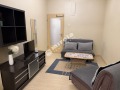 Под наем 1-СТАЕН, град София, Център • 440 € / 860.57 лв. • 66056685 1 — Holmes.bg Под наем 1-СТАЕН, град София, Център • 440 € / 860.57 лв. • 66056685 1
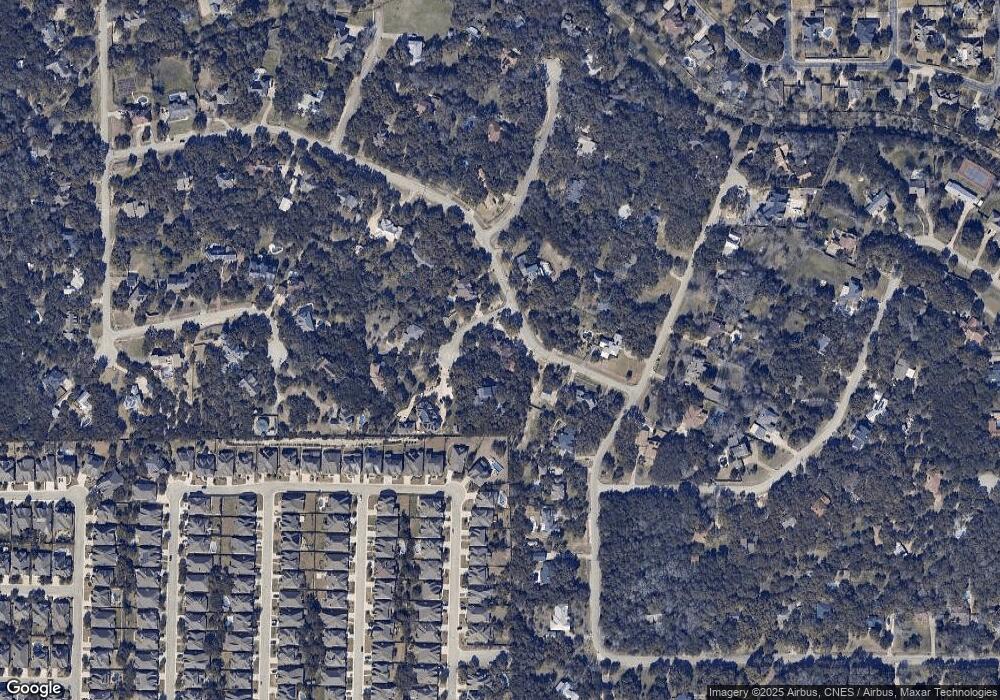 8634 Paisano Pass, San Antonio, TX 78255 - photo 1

- - - - -

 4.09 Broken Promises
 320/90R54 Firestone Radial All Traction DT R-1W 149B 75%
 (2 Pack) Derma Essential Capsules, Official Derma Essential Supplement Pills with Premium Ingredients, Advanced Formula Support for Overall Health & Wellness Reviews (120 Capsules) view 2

- - - - -

What is being asked → Which lines above run from the one containing "4.09 Broken Promises" to the one containing "(2 Pack) Derma"? Give them again exactly, both ends included.

Exercise solution →
 4.09 Broken Promises
 320/90R54 Firestone Radial All Traction DT R-1W 149B 75%
 (2 Pack) Derma Essential Capsules, Official Derma Essential Supplement Pills with Premium Ingredients, Advanced Formula Support for Overall Health & Wellness Reviews (120 Capsules) view 2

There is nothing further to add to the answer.